• [What to produce]:
Once you find the line below that contains "Polar White /", write it out along with every later line exactly as given, stopping only when the records end. Omit the pictures.

• [Data for analysis]:
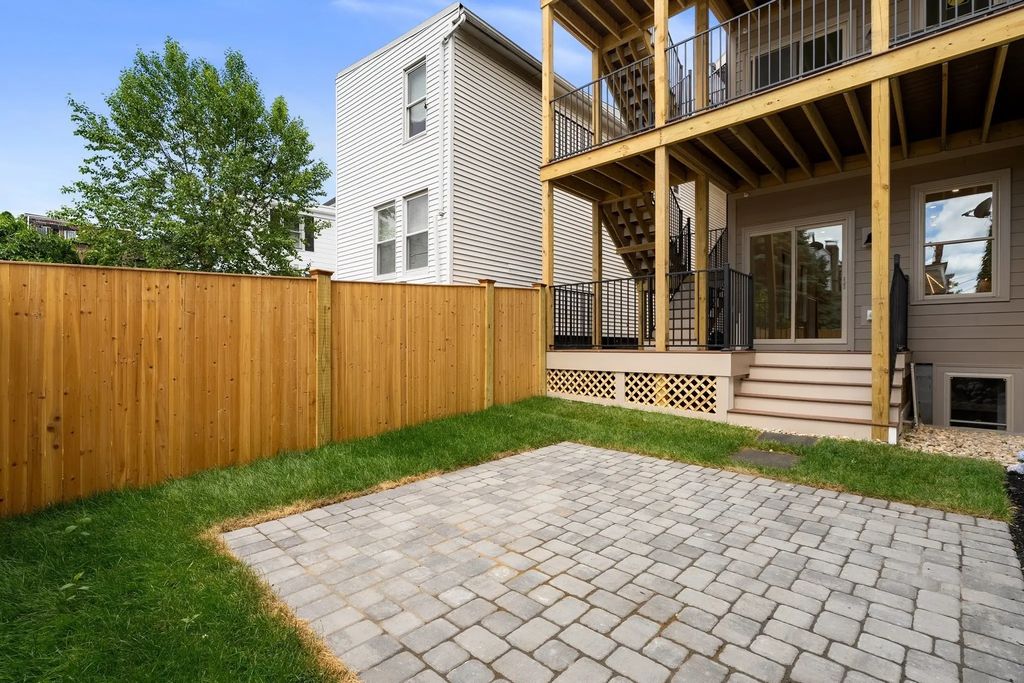 17 Princeton St #1a, Boston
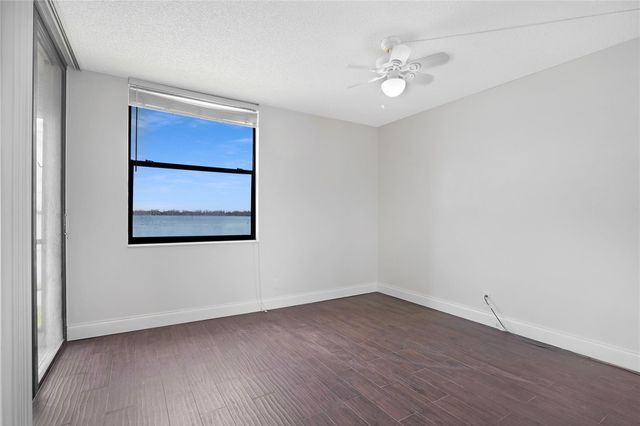 109 Lake Emerald Drive 110, Oakland Park, FL 33309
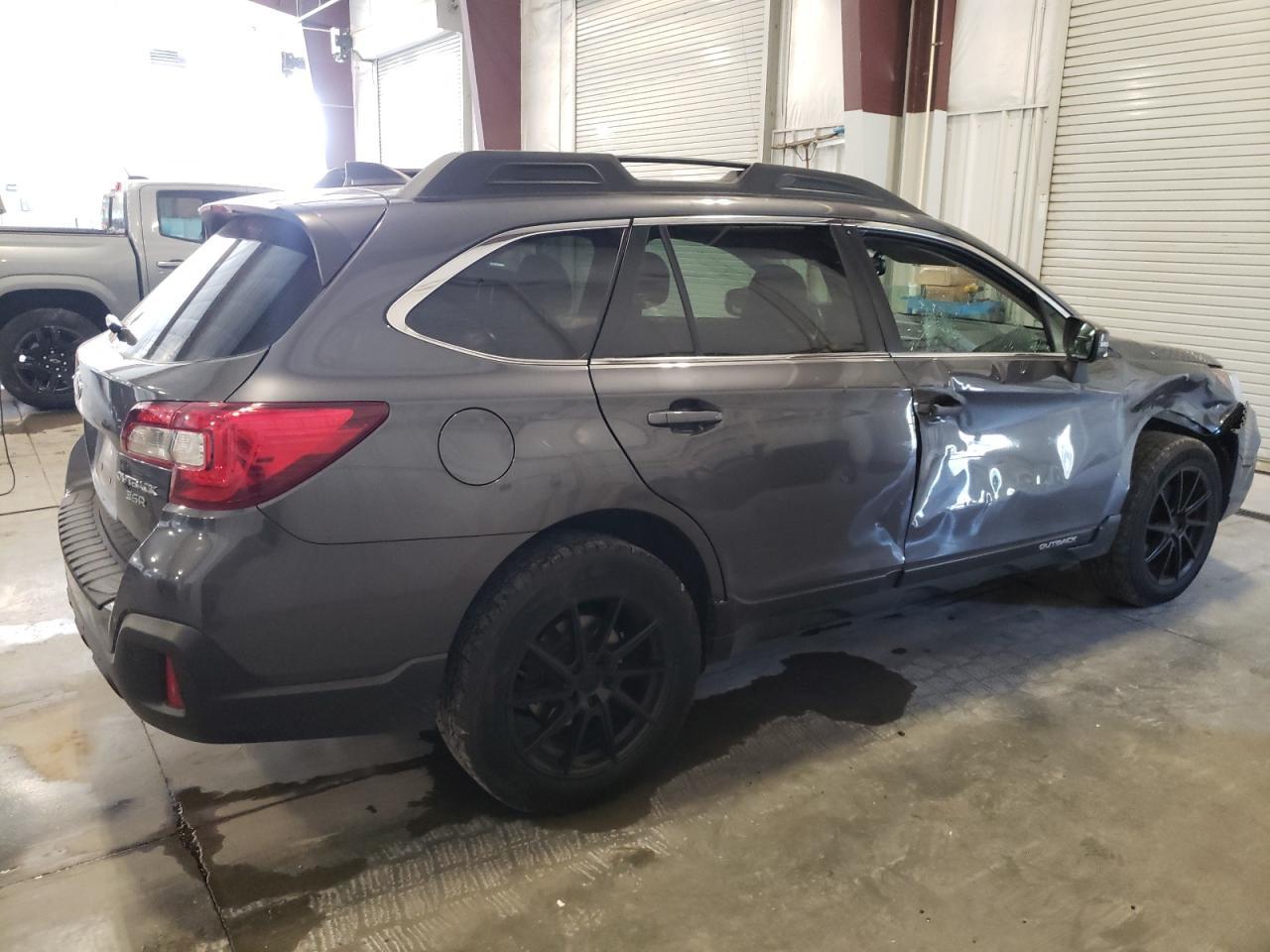2019 Subaru Outback 3.6R Limited - Image 3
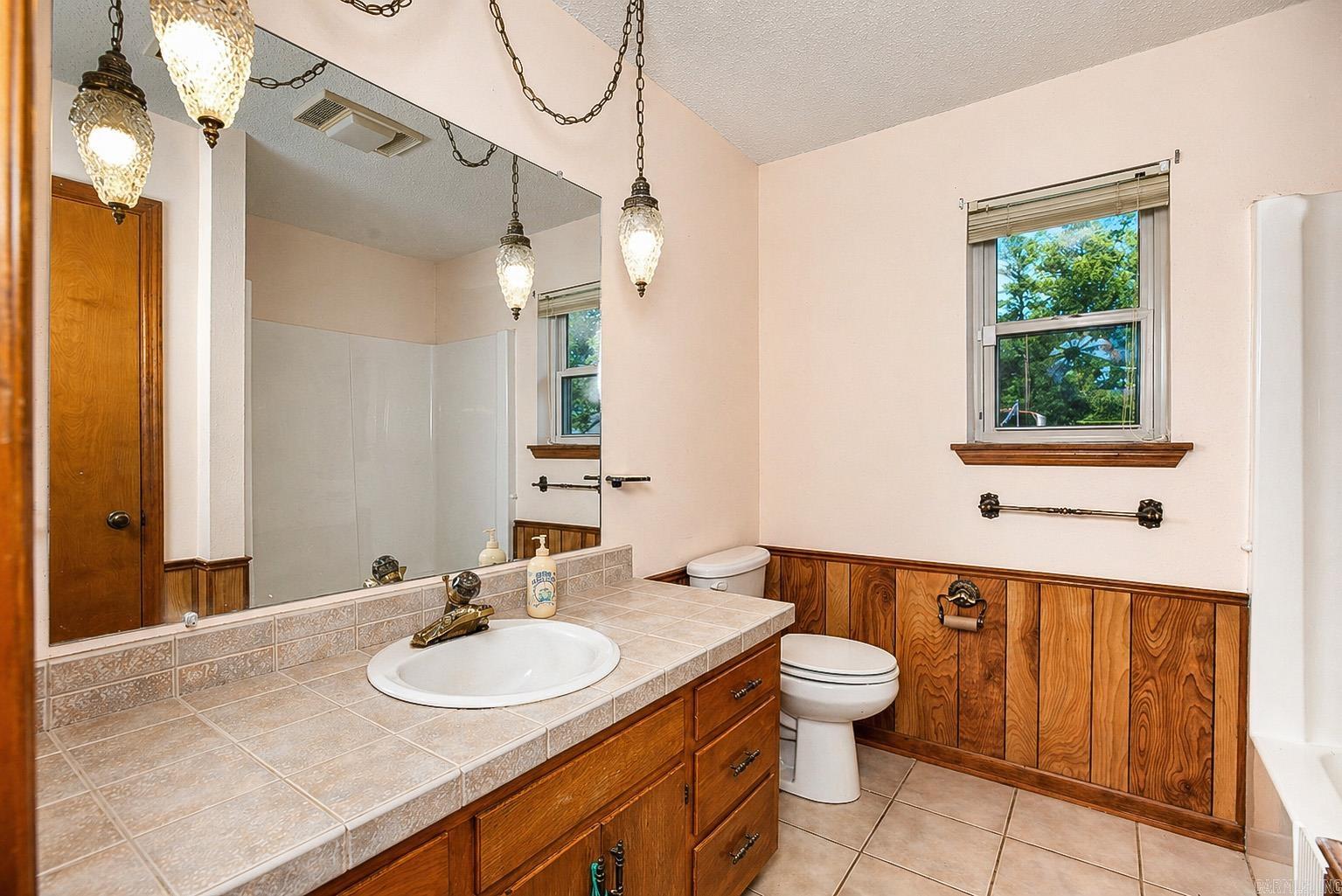 PINEWOOD S/D REP TRACTS A & B - Residential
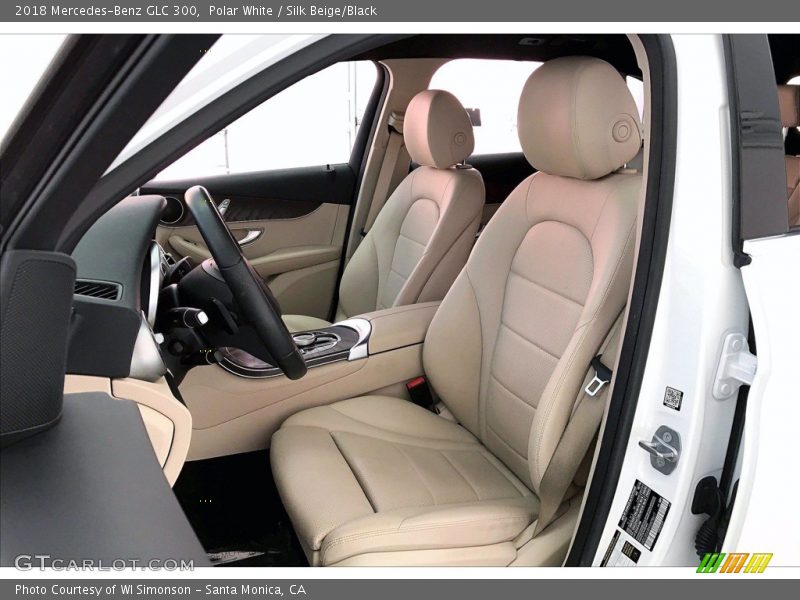 Polar White / Silk Beige/Black 2018 Mercedes-Benz GLC 300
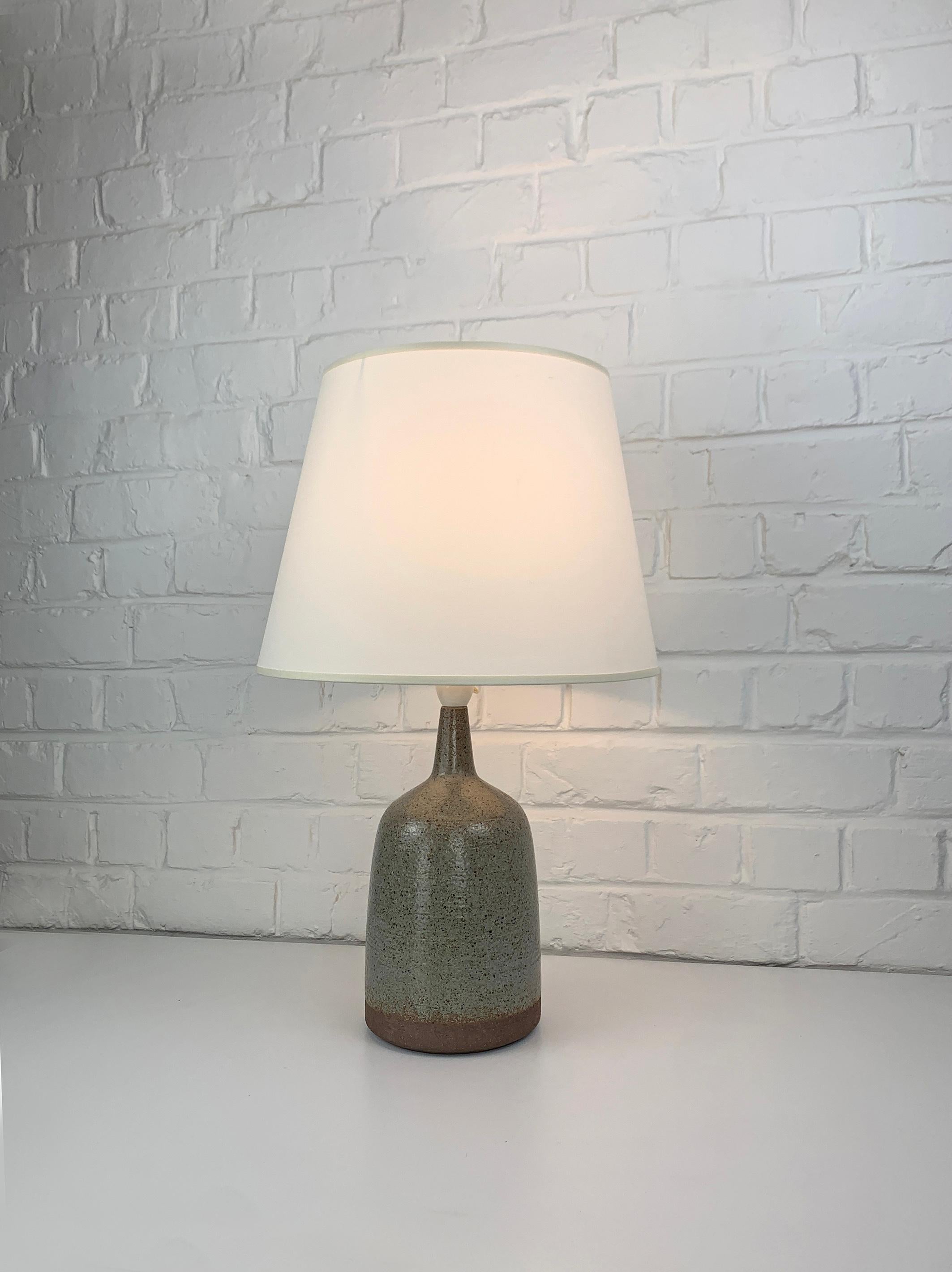 Scandinave moderne Beige-Grey Lampe de table en céramique Palshus Denmark Grès de Linnemann-Schmidt en vente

• [Response to this task]:
 Polar White / Silk Beige/Black 2018 Mercedes-Benz GLC 300
 Scandinave moderne Beige-Grey Lampe de table en céramique Palshus Denmark Grès de Linnemann-Schmidt en vente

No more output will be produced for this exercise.